Mittereder stated that the executive order has made it impossible for her to perform her required work tasks. She shared that she's unable to do one task in particular, which includes patting down the passenger. Mittereder said in November 2025 that she hadn't been able to pat anyone down over the last 10 months due to the executive order and a subsequent restriction from TSA that calls for, “prohibiting all transgender [officers] from conducting pat-downs.”

Before the restriction came into effect, Mittereder said she was a star TSA employee. She was praised for her work in the field, especially her pat-downs.

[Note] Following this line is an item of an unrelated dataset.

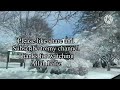 Blizzard Sounds for Sleep, Relaxation & Staying Cool | Snowstorm Sounds & Howling wind in the forest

Mittereder was also "praised her professionalism, skills, knowledge, and rapport with fellow officers and the public," which significantly changed once she was "involuntarily outed" by the EO.
“She’s good at her job, she wants to go to work and do her job every day,” Mittereder's attorney, Jonathan Puth told The Independent in a statement. "And she’s not allowed to do it, for the sole reason that she is transgender.”
Puth added that his client being pushed out of her job due to her gender is "very degrading, and it also is completely illegal.”

What has Kristi Noem said about her TSA lawsuit?
As of this writing, Kristi hasn't addressed Mittereder's lawsuit against her publicly. However, the Secretary has has expressed her full support for Trump’s EO and said DHS would “fully comply.” Additionally, as the governor of South Dakota, Kristi signed into law a bill that banned gender-affirming care for minors, a move that was slammed by advocacy groups as discriminatory and harmful to trans kids.
While Kristi is remaining tight-lipped about the case, Mittereder reportedly sees the case going in her favor. She is seeking a court order preventing the agency from enforcing the February directive. Mittereder is also demanding a jury trial, along with compensatory damages to be determined in court.